Eine verrückte arktische Achterbahnfahrt der Gefühle

Inhaltsverzeichnis:

Wachstum: Auf Achse in der Hauptstadt Nuuk

Die Fahne von Grönland
Grönlands Nationalflagge


Wachstum: Auf Achse in der Hauptstadt Nuuk


Ich habe einen Bekannten in Nuuk, die weltweit nördlichste Hauptstadt, der mich freundlich nach der Ankunft empfangen hatte. Unser erster Weg führte zum Somandshjemmene (auf Deutsch Seemann-Heim), ein christlich geführtes Hotel, das meine Unterkunft für eine Nacht war. Der Mitarbeiter begrüßte mich freundlich auf Deutsch. Auf meiner Frage, woher er so gut das kann, antwortete er mir, dass er als Kind oft die Sesamstraße auf Deutsch gesehen hatte. Fand ich originell und süß.

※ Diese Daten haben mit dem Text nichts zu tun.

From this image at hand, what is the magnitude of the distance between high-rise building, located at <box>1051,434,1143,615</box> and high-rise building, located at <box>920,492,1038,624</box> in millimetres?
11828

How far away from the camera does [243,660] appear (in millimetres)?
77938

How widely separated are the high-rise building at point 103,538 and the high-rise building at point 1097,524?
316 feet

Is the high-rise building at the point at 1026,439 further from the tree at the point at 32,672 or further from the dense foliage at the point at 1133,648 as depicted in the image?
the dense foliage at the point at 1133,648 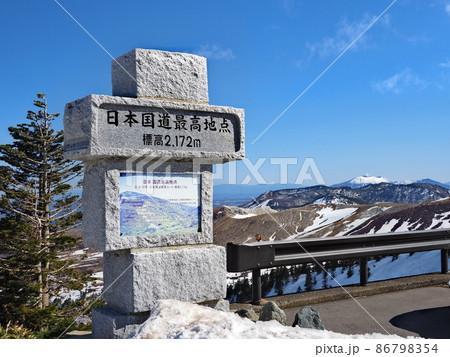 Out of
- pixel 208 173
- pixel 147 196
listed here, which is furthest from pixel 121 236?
pixel 208 173

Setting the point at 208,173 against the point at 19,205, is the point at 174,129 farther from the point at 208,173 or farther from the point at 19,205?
the point at 19,205

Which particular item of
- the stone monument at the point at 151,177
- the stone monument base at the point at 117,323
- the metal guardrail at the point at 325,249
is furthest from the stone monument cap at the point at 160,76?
the stone monument base at the point at 117,323

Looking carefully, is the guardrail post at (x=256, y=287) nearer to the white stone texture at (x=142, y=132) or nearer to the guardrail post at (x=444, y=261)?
the white stone texture at (x=142, y=132)

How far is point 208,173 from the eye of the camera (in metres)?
5.81

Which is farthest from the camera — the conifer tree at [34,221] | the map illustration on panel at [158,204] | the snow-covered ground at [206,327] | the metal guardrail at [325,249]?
the conifer tree at [34,221]

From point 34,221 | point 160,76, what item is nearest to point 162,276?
point 160,76

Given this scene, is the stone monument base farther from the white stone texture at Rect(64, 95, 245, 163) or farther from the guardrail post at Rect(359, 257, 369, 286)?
the guardrail post at Rect(359, 257, 369, 286)

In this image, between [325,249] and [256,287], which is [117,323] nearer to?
[256,287]

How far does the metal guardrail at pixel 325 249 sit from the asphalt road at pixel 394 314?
679 mm

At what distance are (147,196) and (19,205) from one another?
1537 centimetres

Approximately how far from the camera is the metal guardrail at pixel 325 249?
5945mm

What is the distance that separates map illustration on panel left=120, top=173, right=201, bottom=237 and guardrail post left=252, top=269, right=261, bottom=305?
3.87 feet

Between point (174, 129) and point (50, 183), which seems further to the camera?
point (50, 183) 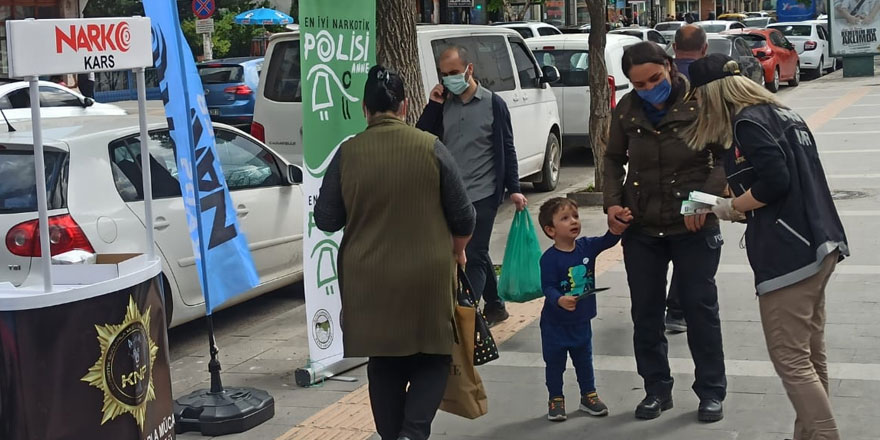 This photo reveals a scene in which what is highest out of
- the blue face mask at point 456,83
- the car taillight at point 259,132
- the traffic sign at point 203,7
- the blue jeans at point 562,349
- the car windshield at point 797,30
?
the traffic sign at point 203,7

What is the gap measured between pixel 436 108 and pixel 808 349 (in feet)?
9.87

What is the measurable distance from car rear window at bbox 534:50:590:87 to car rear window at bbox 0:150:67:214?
9.05 m

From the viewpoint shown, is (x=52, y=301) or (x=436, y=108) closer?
(x=52, y=301)

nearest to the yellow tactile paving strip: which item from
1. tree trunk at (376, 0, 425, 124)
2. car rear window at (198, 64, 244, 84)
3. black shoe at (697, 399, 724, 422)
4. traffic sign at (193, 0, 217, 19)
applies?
black shoe at (697, 399, 724, 422)

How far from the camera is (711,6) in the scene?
269 ft

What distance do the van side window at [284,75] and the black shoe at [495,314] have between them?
368 cm

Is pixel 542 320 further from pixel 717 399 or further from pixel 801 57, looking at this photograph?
pixel 801 57

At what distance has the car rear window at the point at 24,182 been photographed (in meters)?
6.18

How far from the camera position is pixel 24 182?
6.25 metres

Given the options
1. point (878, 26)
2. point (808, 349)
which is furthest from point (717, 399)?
point (878, 26)

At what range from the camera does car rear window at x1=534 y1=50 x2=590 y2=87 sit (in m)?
14.6

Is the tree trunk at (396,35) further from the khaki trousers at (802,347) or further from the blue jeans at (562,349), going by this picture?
the khaki trousers at (802,347)

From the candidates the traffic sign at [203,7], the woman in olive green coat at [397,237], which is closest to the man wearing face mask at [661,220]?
the woman in olive green coat at [397,237]

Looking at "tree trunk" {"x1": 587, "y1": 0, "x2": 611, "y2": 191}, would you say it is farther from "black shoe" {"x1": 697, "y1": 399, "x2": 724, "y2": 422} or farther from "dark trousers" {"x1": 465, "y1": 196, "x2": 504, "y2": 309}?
"black shoe" {"x1": 697, "y1": 399, "x2": 724, "y2": 422} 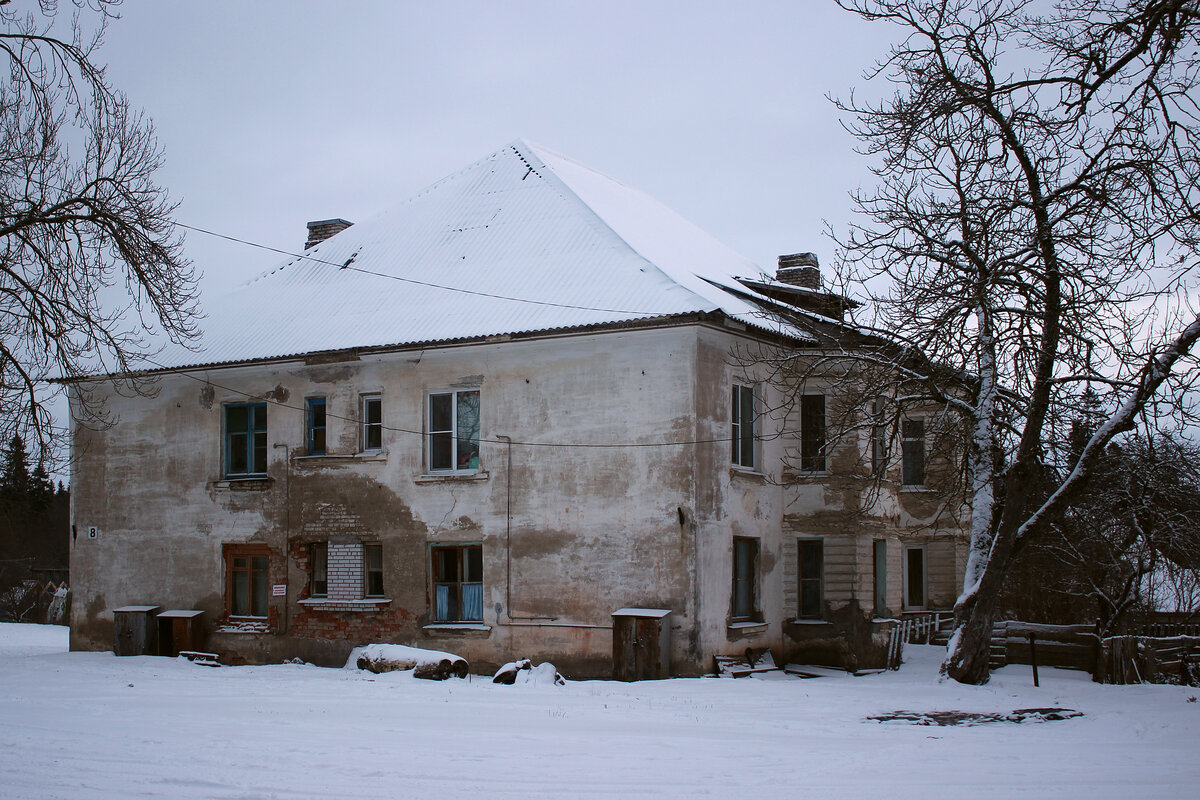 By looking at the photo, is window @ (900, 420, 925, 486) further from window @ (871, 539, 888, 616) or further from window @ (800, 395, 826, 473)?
window @ (800, 395, 826, 473)

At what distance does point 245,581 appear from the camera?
72.7ft

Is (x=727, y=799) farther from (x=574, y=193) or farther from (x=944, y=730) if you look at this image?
(x=574, y=193)

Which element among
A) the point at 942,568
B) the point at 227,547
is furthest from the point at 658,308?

Wir hatten Schneeregen, der die Hoffnung auf eine gemeinsame Wanderung oder Bootsfahrt zunichtemachte. Es blieb uns nur, die Stadt zu erkunden. Der erste Halt war am Friedhof. Es war schwer vorzustellen, wie ein Grab im Winter ausgehoben wird:

Der Friedhof von Nuuk
Der Friedhof von Nuuk

Danach fuhren wir in das Zentrum von Nuuk, dem alten Hafen:

Der alte Hafen von Nuuk
Der alte Hafen von Nuuk

Dort hatte der örtliche Kajak-Verein bereits Winterpause:

Kajaks im Tiefschlaf, Nuuk
Kajaks im Tiefschlaf, Nuuk

und natürlich gehört die „Mutter des Meeres“ Granitskulptur direkt ans Meer, damit Mensch und Tiere zueinander finden. Sie ragt bei Ebbe aus dem Wasser, und ist bei Flut völlig bedeckt:

'Mutter des Meeres' Granitskulptur, Nuuk
'Mutter des Meeres' Granitskulptur, Nuuk

Sie vereint ein Mythos mit Vergangenheit und Zukunft. Das letzte passt zu Nuuk. Es hat sich einiges geändert seit meinem letzten Aufenthalt dort. Die größte Steigerung: Die Stadt hat mittlerweile drei Ampeln, eine 300 % Steigerung gegenüber meinem ersten Aufenthalt vor dreizehn Jahren. Zum Vergleich: Das Bruttojahresregister von Deutschland steigerte sich nur um 36 Prozent in dieser Zeit. Aber nicht nur das, immer mehr Menschen ziehen aus den kleinen Ortschaften in die Stadt, die Einwohnerzahl wächst stetig. Man rechnet in naher Zukunft mit 30 000 Einwohner, derzeit sind es 18 000 Einwohner. Die hässlichen Wohnblocks aus den 1960er-Jahren im Plattenbaustil sind bald Geschichte. Sie werden/wurden abgerissen oder renoviert. Damals wollte die Regierung von Dänemark die Inuit zu einem moderneren Lebensstil zwingen, und siedelte Jäger um, die in Fabriken arbeiten mussten. Das führte zu einem großen Alkohol-Problem. Bei meinem ersten Aufenthalt in Nuuk sah ich auf der Straße viele Betrunkene, das ist zum Glück Historie. Heute boomt die Stadt, vielleicht in einem etwas zu schnellem Tempo.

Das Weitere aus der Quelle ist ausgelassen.